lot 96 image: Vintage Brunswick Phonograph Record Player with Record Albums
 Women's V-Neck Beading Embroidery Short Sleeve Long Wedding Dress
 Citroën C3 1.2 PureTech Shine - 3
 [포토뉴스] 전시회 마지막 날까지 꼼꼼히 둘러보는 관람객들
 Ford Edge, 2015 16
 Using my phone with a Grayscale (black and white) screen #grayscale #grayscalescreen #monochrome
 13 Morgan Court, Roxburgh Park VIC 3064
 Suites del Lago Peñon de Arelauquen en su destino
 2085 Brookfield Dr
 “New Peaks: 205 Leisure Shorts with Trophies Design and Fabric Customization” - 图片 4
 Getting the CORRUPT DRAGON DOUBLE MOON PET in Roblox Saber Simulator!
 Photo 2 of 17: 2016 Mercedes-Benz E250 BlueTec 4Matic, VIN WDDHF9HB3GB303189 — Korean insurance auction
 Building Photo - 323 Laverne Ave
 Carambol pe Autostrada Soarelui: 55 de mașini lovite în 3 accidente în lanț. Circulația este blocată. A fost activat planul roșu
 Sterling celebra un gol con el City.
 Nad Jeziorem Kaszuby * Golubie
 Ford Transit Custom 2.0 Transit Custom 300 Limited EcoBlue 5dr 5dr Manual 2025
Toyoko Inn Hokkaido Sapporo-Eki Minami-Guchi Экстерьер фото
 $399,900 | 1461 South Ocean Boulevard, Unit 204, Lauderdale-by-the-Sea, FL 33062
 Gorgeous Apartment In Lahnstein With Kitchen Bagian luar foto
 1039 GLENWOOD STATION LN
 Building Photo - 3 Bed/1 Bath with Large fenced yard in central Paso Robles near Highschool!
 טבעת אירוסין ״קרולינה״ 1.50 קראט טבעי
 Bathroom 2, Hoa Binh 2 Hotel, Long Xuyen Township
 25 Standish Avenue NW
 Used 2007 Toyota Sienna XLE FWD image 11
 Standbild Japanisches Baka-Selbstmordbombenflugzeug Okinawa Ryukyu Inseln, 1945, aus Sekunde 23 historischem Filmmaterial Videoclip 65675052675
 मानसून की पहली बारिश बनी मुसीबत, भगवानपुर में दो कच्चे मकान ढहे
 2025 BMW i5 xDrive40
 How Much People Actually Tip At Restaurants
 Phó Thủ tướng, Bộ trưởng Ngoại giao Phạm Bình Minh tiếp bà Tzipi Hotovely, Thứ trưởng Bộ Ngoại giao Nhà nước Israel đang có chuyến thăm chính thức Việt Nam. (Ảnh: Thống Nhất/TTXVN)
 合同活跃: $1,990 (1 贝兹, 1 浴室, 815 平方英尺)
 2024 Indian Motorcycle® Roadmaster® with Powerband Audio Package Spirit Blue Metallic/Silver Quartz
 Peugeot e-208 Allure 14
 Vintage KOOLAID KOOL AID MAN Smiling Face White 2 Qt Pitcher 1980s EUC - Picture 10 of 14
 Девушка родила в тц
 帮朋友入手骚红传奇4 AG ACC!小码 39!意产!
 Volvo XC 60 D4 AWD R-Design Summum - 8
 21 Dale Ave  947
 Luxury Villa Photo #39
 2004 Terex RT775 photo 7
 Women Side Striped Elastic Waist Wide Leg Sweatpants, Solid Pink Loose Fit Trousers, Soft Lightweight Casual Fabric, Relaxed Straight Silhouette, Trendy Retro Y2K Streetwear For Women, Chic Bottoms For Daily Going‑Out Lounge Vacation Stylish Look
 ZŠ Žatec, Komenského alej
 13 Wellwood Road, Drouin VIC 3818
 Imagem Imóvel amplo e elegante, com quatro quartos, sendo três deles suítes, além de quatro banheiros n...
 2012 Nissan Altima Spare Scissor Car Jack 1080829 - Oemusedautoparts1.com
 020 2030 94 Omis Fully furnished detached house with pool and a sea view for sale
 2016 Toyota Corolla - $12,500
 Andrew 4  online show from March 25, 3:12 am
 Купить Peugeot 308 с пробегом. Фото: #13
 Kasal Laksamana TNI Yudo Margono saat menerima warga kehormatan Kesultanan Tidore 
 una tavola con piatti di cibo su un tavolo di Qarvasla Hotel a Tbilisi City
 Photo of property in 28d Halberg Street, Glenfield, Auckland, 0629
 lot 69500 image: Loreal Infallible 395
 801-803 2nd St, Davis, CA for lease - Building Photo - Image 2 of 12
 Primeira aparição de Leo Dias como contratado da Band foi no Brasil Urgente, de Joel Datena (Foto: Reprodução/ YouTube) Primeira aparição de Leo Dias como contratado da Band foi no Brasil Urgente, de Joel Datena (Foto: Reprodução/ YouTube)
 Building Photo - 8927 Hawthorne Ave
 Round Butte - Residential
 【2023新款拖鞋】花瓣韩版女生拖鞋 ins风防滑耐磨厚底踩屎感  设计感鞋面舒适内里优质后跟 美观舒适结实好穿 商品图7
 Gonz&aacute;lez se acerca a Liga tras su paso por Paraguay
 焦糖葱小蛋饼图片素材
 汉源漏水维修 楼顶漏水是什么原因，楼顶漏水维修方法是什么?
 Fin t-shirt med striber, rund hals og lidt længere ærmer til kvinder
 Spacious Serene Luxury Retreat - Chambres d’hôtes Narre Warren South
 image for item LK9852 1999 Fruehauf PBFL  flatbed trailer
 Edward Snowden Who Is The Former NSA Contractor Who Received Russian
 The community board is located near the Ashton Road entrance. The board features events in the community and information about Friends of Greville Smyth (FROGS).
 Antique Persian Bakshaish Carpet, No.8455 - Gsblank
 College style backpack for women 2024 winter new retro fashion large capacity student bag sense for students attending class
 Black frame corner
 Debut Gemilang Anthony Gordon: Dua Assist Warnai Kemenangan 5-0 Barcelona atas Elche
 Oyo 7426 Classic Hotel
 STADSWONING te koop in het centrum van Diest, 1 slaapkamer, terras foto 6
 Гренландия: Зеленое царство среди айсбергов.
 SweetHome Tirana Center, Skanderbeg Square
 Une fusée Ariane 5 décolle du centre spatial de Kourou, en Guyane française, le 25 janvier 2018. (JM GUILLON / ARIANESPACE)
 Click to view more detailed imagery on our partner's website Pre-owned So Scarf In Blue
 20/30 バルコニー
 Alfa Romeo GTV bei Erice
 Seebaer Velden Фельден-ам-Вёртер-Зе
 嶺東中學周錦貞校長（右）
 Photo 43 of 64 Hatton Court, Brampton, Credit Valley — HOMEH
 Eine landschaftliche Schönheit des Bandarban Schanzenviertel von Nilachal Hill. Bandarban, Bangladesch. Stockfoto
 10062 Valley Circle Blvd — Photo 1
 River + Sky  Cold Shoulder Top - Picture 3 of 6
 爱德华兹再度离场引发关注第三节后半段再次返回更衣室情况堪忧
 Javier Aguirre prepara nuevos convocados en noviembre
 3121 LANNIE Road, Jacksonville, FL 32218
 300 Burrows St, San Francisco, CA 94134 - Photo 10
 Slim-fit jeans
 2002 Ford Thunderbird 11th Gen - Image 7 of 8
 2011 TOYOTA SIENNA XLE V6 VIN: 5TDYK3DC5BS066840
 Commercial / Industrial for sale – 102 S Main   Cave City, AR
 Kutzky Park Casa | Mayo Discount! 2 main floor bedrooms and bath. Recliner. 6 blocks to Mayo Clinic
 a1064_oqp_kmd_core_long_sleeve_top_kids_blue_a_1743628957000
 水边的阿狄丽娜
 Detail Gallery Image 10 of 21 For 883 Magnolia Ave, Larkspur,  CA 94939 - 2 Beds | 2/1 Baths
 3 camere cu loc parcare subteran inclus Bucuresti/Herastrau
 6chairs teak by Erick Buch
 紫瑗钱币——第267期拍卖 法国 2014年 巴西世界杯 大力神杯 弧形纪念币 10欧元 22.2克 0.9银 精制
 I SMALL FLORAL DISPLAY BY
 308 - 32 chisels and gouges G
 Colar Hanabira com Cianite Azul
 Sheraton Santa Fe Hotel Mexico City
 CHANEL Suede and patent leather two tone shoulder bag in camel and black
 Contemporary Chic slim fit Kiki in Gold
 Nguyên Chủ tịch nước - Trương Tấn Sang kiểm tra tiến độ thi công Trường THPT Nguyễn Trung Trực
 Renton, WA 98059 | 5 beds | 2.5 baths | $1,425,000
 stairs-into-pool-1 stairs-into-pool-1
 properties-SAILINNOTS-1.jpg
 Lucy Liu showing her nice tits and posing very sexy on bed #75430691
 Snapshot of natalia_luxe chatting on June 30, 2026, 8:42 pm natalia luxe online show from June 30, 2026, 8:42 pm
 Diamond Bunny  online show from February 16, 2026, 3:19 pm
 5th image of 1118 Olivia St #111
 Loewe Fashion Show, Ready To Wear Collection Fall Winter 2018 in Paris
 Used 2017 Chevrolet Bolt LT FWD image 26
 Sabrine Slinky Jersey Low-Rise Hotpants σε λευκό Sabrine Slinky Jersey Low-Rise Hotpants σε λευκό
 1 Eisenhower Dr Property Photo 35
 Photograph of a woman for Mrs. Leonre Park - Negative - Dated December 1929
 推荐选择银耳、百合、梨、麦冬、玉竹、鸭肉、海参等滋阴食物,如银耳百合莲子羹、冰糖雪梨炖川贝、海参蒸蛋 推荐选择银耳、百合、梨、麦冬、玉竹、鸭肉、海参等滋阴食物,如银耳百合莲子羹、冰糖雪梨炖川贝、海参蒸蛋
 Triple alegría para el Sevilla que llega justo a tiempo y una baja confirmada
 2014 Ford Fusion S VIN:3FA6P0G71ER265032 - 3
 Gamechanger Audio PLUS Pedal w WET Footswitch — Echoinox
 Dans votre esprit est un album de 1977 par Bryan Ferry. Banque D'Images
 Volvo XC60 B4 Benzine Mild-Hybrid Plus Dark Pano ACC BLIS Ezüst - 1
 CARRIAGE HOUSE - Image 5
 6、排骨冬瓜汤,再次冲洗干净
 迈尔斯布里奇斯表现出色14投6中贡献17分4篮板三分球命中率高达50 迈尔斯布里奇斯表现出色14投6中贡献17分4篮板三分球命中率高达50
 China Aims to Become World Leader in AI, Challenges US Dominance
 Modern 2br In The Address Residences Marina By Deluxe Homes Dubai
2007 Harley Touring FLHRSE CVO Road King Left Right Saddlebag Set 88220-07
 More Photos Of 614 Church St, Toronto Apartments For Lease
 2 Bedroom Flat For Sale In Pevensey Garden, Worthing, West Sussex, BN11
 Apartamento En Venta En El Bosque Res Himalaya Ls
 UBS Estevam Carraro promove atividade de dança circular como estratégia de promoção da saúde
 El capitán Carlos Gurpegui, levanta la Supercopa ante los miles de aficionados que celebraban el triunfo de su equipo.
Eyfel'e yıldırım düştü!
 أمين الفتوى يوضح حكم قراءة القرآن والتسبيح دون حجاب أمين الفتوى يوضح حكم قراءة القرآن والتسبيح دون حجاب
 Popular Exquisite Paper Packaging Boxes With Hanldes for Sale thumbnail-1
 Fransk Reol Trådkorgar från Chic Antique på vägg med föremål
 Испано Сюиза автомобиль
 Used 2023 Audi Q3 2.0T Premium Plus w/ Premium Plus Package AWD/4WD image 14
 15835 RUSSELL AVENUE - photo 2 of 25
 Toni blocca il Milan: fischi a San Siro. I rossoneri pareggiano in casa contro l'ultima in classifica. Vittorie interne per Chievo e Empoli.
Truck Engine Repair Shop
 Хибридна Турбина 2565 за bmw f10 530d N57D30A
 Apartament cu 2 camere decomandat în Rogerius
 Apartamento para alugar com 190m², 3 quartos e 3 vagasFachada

- - - - -

= Exercise description =
Taking the entries above, write out exactly each line from the one holding "嶺東中學周錦貞校長（右）" to the one holding "Sheraton Santa Fe Hotel Mexico City", both included, and stop there.

= Solved problem =
 嶺東中學周錦貞校長（右）
 Photo 43 of 64 Hatton Court, Brampton, Credit Valley — HOMEH
 Eine landschaftliche Schönheit des Bandarban Schanzenviertel von Nilachal Hill. Bandarban, Bangladesch. Stockfoto
 10062 Valley Circle Blvd — Photo 1
 River + Sky  Cold Shoulder Top - Picture 3 of 6
 爱德华兹再度离场引发关注第三节后半段再次返回更衣室情况堪忧
 Javier Aguirre prepara nuevos convocados en noviembre
 3121 LANNIE Road, Jacksonville, FL 32218
 300 Burrows St, San Francisco, CA 94134 - Photo 10
 Slim-fit jeans
 2002 Ford Thunderbird 11th Gen - Image 7 of 8
 2011 TOYOTA SIENNA XLE V6 VIN: 5TDYK3DC5BS066840
 Commercial / Industrial for sale – 102 S Main   Cave City, AR
 Kutzky Park Casa | Mayo Discount! 2 main floor bedrooms and bath. Recliner. 6 blocks to Mayo Clinic
 a1064_oqp_kmd_core_long_sleeve_top_kids_blue_a_1743628957000
 水边的阿狄丽娜
 Detail Gallery Image 10 of 21 For 883 Magnolia Ave, Larkspur,  CA 94939 - 2 Beds | 2/1 Baths
 3 camere cu loc parcare subteran inclus Bucuresti/Herastrau
 6chairs teak by Erick Buch
 紫瑗钱币——第267期拍卖 法国 2014年 巴西世界杯 大力神杯 弧形纪念币 10欧元 22.2克 0.9银 精制
 I SMALL FLORAL DISPLAY BY
 308 - 32 chisels and gouges G
 Colar Hanabira com Cianite Azul
 Sheraton Santa Fe Hotel Mexico City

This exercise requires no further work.